Digital BW, The Print

Austin,

You're doing a great job, I can sort of follow. BTW, this is a lot of work,
thanks! I guess I wont know if I've got this completely until we move
forward. I'll just ask a couple of questions, but only answer them if you
think they are relevant to building upon. I really don't want to sidetrack
the conversation too much.

Furthermore if you'd be answering any of these questions in the next part
anyway feel free to move on and do so in flow.
 
> CCD give you a range of voltage out of it.  That voltage range, no matter
> what it is, has noise in it.  That noise level will determine just how much
> signal to noise you can get from the CCD/analog "front end" (circuitry
> between the CCD and the A/D).  A CCD that can "look further into the dark
> regions" will have a lower noise level, and therefore a higher signal to
> noise ratio.
> 
> Now we have to match the CCD to the A/D, in two ways, one voltage, which we
> don't care about, it's done in the "front end", and second, the A/Ds ability
> to discern different values all way down to the noise level of the CCD/front
> end.  That's where the number of bits is important.  We need to have enough
> bits to represent from the minimum signal level out of the CCD/front end to
> the highest signal level out of the CCD/front end, and all discernable
> levels in-between that are above noise.
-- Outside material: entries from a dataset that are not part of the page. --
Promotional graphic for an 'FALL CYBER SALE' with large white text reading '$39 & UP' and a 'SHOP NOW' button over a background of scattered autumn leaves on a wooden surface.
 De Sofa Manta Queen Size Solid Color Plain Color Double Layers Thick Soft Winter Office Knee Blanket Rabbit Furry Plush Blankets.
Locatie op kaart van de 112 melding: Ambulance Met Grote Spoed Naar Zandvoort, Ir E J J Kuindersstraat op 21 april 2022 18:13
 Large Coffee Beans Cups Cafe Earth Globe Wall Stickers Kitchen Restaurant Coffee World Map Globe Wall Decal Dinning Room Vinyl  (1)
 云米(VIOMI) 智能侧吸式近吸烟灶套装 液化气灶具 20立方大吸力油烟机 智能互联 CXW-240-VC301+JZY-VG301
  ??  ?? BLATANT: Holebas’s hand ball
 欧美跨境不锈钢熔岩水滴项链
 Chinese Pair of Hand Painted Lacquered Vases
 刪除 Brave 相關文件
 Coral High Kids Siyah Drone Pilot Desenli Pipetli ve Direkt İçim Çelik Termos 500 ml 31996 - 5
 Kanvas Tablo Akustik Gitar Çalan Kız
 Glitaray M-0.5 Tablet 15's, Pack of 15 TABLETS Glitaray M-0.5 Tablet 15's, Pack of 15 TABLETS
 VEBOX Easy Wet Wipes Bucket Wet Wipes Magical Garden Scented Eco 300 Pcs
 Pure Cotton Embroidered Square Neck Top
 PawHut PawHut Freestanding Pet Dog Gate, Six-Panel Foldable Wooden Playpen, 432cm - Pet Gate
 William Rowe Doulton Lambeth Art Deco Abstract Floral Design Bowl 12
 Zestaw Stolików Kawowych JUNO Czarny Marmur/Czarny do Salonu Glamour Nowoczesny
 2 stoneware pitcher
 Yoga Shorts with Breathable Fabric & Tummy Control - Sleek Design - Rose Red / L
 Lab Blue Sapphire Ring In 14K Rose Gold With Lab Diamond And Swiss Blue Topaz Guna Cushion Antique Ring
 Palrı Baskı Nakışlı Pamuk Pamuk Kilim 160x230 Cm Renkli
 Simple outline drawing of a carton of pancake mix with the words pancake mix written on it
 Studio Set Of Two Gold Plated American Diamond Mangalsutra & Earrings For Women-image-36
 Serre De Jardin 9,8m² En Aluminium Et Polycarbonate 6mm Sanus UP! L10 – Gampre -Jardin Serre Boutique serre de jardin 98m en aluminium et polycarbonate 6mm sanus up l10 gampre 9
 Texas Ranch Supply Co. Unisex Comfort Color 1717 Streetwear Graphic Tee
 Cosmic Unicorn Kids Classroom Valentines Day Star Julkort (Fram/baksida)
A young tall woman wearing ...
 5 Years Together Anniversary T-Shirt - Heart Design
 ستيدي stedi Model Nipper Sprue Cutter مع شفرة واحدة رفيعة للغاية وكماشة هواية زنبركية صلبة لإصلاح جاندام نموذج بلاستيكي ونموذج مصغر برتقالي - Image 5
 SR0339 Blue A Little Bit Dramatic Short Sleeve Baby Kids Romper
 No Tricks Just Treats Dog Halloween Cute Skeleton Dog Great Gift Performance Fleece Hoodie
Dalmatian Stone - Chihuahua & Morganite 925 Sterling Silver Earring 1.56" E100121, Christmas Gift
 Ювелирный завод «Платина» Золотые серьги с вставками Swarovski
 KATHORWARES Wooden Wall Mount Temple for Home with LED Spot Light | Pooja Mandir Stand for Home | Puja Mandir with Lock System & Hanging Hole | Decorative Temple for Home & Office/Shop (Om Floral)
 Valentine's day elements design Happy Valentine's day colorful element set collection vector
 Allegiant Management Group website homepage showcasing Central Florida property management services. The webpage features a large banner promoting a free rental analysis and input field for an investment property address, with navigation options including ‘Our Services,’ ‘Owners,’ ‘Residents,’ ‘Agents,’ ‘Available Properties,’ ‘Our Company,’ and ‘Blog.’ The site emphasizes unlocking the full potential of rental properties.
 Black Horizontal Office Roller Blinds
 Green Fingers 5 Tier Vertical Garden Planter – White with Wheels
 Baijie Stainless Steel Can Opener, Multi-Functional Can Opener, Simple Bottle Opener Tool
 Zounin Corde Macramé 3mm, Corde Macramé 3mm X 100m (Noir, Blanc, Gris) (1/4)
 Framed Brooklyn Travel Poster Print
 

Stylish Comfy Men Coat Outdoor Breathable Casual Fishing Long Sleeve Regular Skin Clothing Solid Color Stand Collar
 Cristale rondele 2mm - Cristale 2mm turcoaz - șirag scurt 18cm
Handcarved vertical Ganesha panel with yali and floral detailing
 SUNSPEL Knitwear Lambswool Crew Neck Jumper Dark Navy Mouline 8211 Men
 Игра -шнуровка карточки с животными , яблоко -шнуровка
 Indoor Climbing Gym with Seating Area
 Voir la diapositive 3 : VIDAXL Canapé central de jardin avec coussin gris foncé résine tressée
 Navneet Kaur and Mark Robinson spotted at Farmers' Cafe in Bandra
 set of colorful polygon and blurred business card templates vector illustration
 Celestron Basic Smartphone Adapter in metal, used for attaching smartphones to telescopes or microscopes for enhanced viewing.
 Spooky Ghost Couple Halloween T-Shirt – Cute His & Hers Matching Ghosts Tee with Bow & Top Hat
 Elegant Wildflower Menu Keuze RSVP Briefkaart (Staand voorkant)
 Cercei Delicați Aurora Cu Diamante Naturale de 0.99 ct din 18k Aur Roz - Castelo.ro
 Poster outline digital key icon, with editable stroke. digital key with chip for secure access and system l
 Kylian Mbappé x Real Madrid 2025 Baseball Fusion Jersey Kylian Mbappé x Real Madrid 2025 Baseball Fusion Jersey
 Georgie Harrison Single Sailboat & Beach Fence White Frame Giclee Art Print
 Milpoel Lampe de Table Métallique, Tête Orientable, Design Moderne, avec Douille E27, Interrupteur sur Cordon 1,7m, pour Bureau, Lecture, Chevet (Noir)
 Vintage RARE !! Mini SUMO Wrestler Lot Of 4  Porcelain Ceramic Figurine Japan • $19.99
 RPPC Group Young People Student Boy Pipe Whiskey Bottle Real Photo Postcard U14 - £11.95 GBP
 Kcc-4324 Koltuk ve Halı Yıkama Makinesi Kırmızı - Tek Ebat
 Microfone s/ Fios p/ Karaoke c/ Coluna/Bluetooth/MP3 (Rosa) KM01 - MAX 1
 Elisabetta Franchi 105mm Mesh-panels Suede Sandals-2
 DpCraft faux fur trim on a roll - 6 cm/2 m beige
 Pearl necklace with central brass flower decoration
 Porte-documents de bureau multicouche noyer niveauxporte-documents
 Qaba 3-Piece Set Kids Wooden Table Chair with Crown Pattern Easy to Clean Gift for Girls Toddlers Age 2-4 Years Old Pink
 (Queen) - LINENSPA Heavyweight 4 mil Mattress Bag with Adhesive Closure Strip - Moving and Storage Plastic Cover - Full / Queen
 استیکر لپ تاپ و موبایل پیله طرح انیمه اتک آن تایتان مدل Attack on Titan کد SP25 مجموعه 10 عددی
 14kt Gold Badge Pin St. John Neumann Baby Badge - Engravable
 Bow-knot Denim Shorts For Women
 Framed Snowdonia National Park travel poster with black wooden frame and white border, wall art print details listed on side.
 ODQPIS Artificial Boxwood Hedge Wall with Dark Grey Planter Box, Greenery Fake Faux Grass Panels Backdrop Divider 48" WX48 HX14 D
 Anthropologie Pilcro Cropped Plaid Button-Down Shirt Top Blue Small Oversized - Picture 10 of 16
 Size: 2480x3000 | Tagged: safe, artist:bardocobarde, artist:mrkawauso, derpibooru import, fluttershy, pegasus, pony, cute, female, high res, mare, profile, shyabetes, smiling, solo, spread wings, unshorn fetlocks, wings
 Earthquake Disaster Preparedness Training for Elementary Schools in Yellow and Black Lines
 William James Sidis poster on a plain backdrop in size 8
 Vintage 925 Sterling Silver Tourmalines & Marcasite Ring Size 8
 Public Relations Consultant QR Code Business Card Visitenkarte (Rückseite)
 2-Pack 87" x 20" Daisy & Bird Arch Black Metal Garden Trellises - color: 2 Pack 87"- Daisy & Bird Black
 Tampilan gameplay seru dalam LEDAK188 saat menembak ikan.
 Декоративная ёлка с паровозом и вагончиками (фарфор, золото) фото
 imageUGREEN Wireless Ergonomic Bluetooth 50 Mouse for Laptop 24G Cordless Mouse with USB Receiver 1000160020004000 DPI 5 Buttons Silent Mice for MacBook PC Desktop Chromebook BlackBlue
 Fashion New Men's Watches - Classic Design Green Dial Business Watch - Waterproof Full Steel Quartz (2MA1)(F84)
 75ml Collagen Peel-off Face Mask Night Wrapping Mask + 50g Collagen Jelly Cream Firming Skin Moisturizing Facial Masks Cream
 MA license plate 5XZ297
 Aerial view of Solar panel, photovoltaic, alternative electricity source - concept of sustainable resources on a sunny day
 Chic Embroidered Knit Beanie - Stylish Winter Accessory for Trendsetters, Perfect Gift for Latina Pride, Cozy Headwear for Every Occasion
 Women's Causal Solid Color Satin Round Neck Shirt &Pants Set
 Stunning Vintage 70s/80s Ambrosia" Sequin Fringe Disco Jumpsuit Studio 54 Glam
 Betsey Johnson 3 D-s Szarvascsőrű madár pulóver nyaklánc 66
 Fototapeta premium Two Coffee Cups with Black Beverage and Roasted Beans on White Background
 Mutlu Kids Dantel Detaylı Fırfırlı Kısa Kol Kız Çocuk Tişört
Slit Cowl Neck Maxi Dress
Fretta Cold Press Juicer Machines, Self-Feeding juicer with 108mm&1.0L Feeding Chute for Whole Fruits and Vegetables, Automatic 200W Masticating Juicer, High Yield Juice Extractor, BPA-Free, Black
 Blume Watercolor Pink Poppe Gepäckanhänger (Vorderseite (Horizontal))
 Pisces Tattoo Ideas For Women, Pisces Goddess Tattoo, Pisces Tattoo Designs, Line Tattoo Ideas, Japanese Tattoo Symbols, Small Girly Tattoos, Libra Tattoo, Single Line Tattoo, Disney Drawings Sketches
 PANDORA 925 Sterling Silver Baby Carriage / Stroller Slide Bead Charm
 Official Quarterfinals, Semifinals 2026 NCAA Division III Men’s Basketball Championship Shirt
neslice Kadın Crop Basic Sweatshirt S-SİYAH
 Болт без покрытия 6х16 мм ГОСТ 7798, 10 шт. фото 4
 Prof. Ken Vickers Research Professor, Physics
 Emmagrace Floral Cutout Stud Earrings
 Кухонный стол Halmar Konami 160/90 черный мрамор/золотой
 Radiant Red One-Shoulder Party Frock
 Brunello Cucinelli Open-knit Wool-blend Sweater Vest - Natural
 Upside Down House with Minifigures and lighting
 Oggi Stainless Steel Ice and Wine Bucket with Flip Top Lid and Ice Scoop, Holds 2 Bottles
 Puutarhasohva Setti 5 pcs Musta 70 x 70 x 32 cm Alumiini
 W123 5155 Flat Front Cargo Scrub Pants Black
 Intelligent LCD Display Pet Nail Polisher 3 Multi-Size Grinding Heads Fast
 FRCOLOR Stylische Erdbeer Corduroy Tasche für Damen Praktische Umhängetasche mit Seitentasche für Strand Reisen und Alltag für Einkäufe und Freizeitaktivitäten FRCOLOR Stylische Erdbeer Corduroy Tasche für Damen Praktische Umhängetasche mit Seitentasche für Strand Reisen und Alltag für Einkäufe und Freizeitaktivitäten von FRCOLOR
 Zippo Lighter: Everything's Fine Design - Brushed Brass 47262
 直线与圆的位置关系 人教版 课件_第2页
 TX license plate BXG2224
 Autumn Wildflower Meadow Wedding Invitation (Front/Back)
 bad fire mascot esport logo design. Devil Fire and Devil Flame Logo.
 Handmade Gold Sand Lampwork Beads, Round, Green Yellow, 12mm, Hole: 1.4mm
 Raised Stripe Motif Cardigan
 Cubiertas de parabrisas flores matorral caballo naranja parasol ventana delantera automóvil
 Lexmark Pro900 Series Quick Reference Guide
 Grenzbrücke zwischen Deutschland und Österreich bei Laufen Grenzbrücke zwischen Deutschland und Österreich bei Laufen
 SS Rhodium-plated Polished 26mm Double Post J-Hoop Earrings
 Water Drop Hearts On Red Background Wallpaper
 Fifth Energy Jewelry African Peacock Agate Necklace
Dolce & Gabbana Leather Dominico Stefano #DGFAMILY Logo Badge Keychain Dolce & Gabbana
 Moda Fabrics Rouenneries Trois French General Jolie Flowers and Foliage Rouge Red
When you speak of noise, this is noise that is a by product of the scanners
circuitry, like hum, which I suppose3 has a certain predictability to it, or
noise like extra data bits that don't hold statistically meaningful data
bits. I guess I mean values which are too closely spaced to be
distinguishable as significantly different from one another. Would this be
non-integer ratio values? I'm a bit over my head here, but Dan Margulis
explained that when the scanner gets into the highest density regions it
doesn't just hit a wall and call everything that dense and denser black (in
the case of a chrome), it tend to sort of guess a value, and there is a
randomness to it. I think this is the noise we generally associate with
"noisy shadows" of a scan. But with negative materials this occurs in the
highlights of the IMAGE, though it's still considered shadow in this
context, correct? In the context of scanners, shadow is the film density
region, yes?
 
 
> The A/D measures the input voltages from the CCD/front end.  -3V would give
> an A/D output of 0, to +3 would give an A/D output of full scale, and for 15
> bits, that would be 32,767 decimal.  That is 32,768 different values.
 
> So, 0 represents as close to no light as the CCD can measure...the CCD is
> putting out no voltage...and 32,767 represents the highest amount of light
> you are calibrated to measure.  I could go into more detail about gain and
> calibration, but I believe that's another discussion.
> 
> The end voltage, and the intermediate voltages out of the CCD/front end are
> obviously also converted in to values between 0 and 32,767, and that is what
> is the raw output out of the A/D.  Those are the values that are assigned to
> the pixels.

Okay, to confirm, whatever tone the scanner measures to be darkest (or in
the case of the random noise I spoke of, assigns to be darkest) is assigned
the tonal value of zero, and each next whole integer value is assigned in
order up the scale? It is the A/D converters function to assign tonal values
to the voltages received by the CCD?
 
> Also, the reason more bit depth gives better dark detail is simple.  Note
> the value of -3 out of the CCD gives us a value of 0 out of the A/D.  Well,
> that means the scanner sees no light.  A voltage of .0003V out of the CCD
> would give us an A/D output of 1.  Remember, that this value of .0003 is the
> noise level of the CCD...and that it is simply because of the noise level
> that we require so many bits.  In order to see something between 0 and 1, we
> have to lower the noise level, say to .00015V.  That would give us 6V
> divided by .00015V number of values, or 40,000...which would require 16 bits
> to represent 40,000 different values.

So, the lower the noise, the more tones the front end can distinguish, and
the higher the bit depth (BD) of the A/D required, to keep up, so to speak?
With more noise you can get away with a lower BD A/D cause anything more is
wasted. Okay, so this is where the manufacturers claims become suspect
because they speak of the bit depth of their scanners relative to their A/Ds
without specifying the S/N ratio of the front end which is the primary
limiting factor?

In the instance where a manufacturer does put a high BD A/D in with a high
noise CCD, I get that you will still have a lot of shadow noise (which again
are tones which have bee spuriously assigned by the scanner, because it
can't truly distinguish them as discreet from one another, or from the noise
of the front end?). But when you get out of that threshold area, do you then
have more useable tones further along the scale than if you used the lower
BD A/D with that CCD?

> This should explain why bit depth limits dynamic range in a scanner (and the
> dark detail, not the light detail), and how the scanner "assigns" values to
> the data.  Let me know if you get this, any of this or none of this... Then
> we can move past it.

Nice job Austin. I think I'm getting it so far (roughly anyway). I look
forward to the next chapter. ;-)

Todd